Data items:

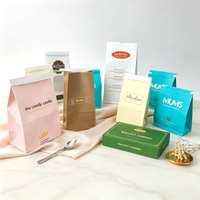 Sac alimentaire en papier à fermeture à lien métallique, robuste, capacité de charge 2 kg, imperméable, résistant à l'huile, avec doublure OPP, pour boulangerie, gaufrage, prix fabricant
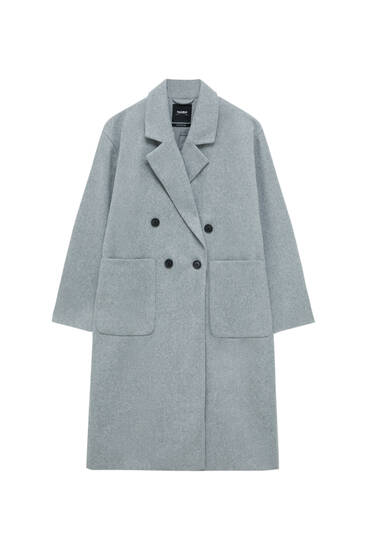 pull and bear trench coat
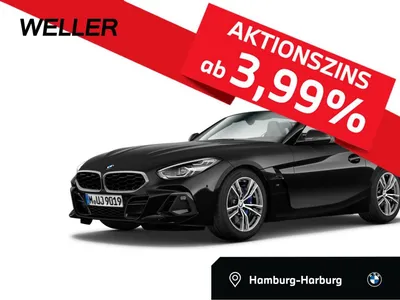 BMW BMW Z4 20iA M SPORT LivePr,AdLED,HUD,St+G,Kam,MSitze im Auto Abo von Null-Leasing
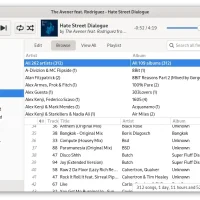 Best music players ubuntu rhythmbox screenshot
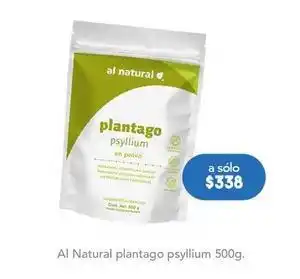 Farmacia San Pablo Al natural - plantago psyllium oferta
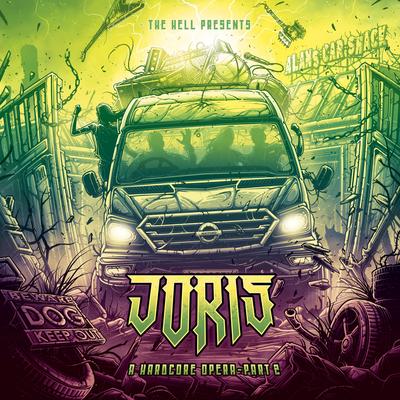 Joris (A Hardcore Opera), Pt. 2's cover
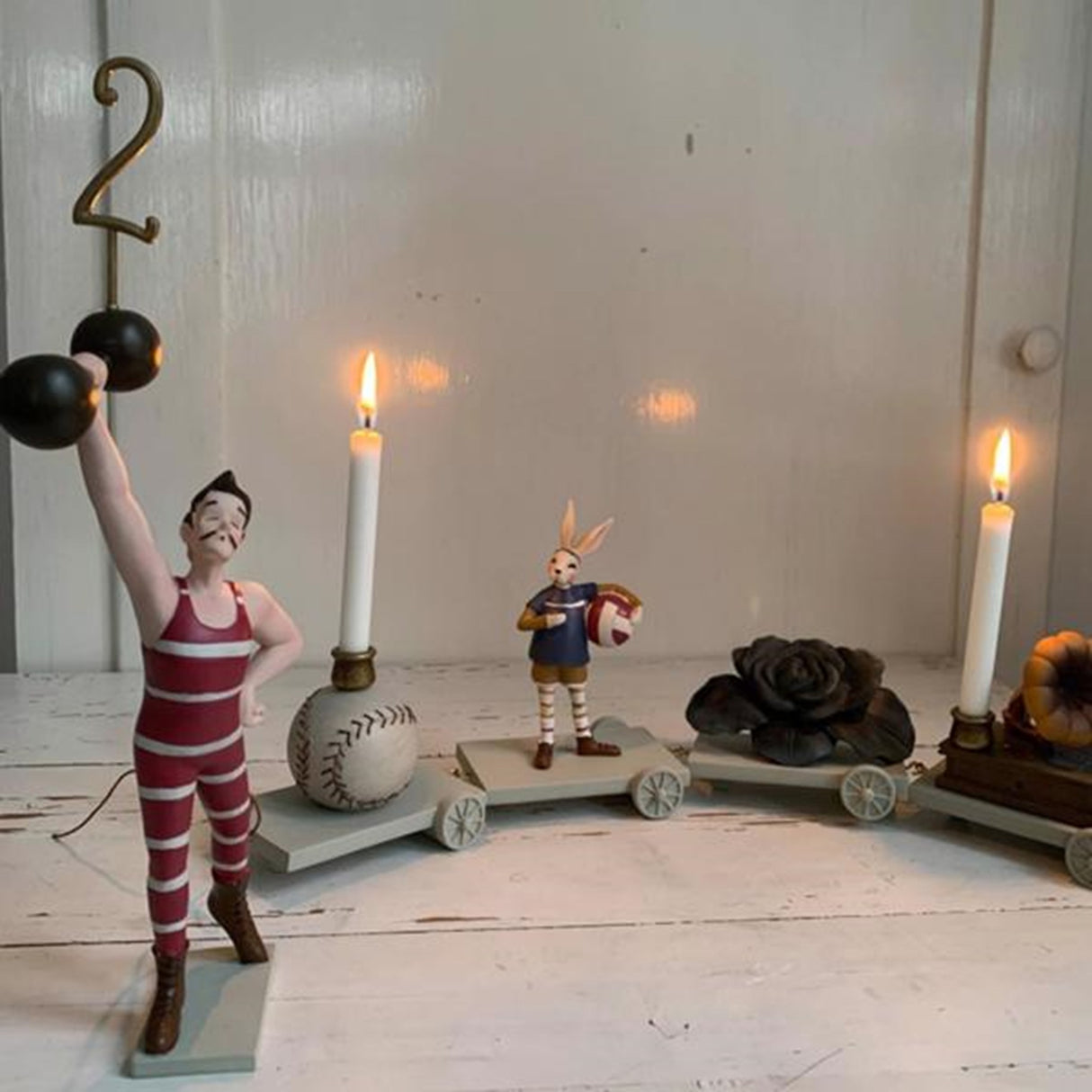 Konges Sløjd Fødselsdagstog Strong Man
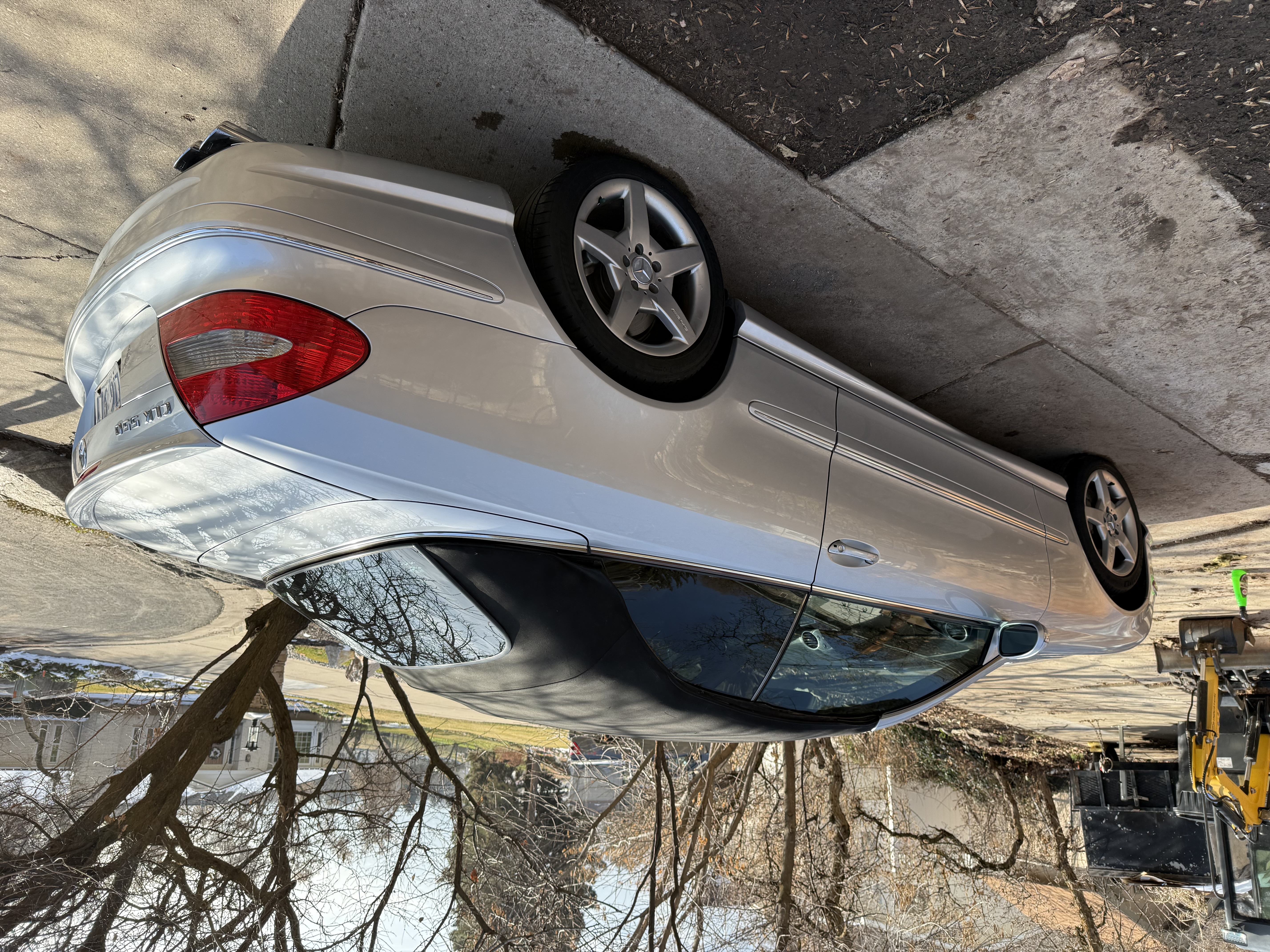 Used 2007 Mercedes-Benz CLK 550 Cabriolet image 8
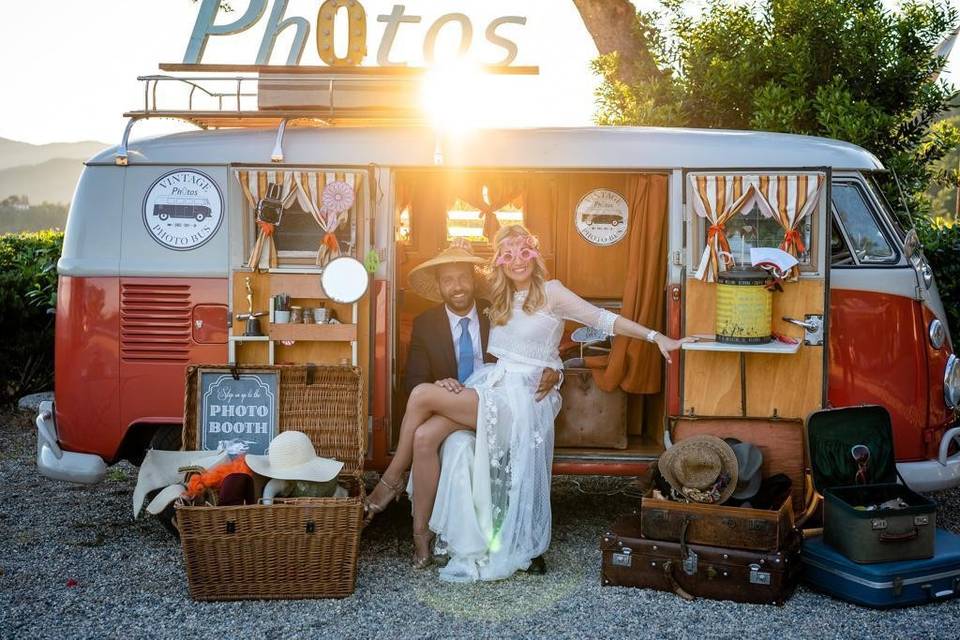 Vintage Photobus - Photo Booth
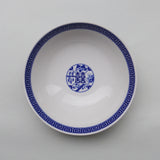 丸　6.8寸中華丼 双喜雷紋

> **Work to be completed**
Please write out all of the data verbatim, with no pictures in the copy.

> **Task solution**
 Sac alimentaire en papier à fermeture à lien métallique, robuste, capacité de charge 2 kg, imperméable, résistant à l'huile, avec doublure OPP, pour boulangerie, gaufrage, prix fabricant
 pull and bear trench coat
 BMW BMW Z4 20iA M SPORT LivePr,AdLED,HUD,St+G,Kam,MSitze im Auto Abo von Null-Leasing
 Best music players ubuntu rhythmbox screenshot
 Farmacia San Pablo Al natural - plantago psyllium oferta
 Joris (A Hardcore Opera), Pt. 2's cover
 Konges Sløjd Fødselsdagstog Strong Man
 Used 2007 Mercedes-Benz CLK 550 Cabriolet image 8
 Vintage Photobus - Photo Booth
 丸　6.8寸中華丼 双喜雷紋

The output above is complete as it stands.